Source data >>
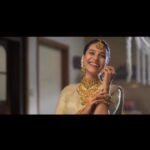 Riyaa Subodh Instagram – Bold. Confident. Positive. 
For the women of today,
Presenting, ‘IT’S MY ERA’
Brand Film for Amaera – The Signature Bridal Jewellery @amaera_jewels 

Production House: Martin Prakkat Films
Director: @prakkatmartin
Producer: @saratprakash
DOP: @jomontjohn
Concept & Script: @saratprakash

Your assignment >> From the line with "Brand Film for" to the final line of the listing, write out each line unchanged. Add nothing.

Your solution >>
Brand Film for Amaera – The Signature Bridal Jewellery @amaera_jewels 

Production House: Martin Prakkat Films
Director: @prakkatmartin
Producer: @saratprakash
DOP: @jomontjohn
Concept & Script: @saratprakash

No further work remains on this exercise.